• Problem description
In the listing below, find the line with "Industrial space for" and the line with "Vietnamese Kitchen @ Nakhon Phanom", then return them and every line between them exactly, minus the pictures.
Segment Start: Excerpted data
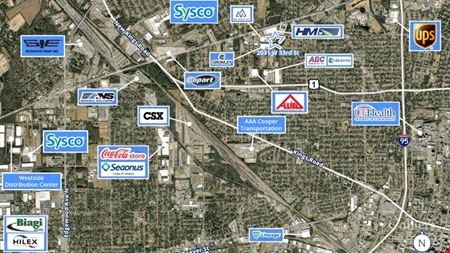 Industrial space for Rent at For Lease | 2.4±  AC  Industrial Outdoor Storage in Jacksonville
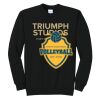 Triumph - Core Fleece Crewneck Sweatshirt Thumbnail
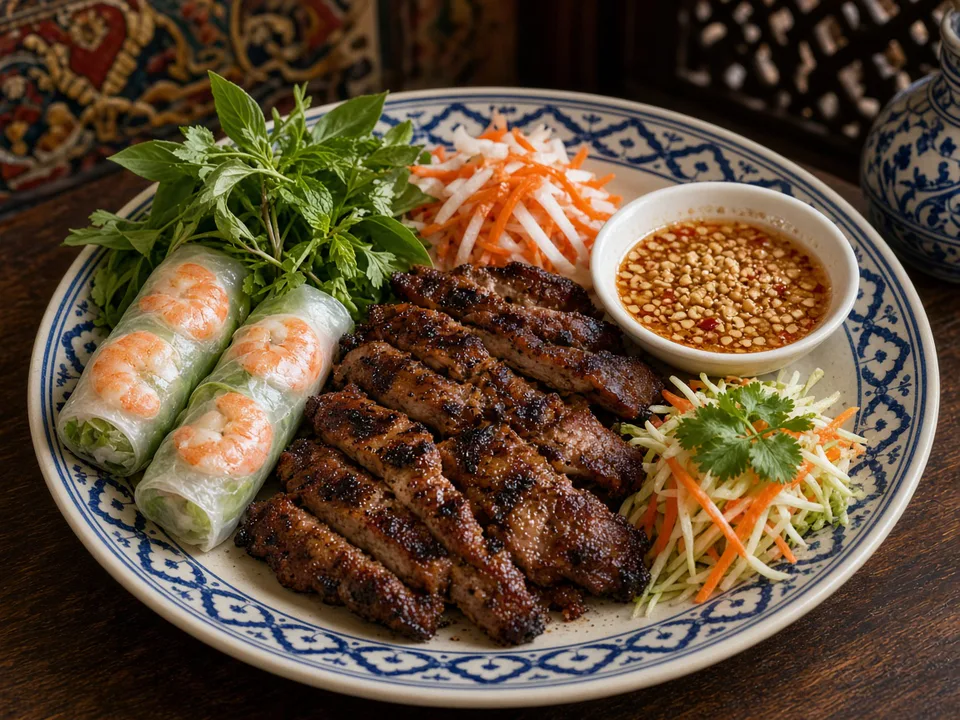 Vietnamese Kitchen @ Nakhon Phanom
Segment End: Excerpted data
Segment Start: Excerpted data
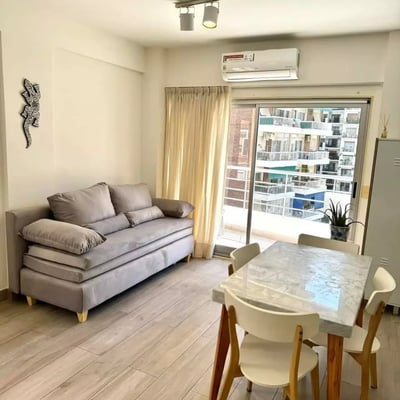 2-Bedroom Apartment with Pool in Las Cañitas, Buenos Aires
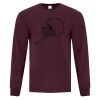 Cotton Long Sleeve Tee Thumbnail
Segment End: Excerpted data
• The answer
 Industrial space for Rent at For Lease | 2.4±  AC  Industrial Outdoor Storage in Jacksonville
 Triumph - Core Fleece Crewneck Sweatshirt Thumbnail
 Vietnamese Kitchen @ Nakhon Phanom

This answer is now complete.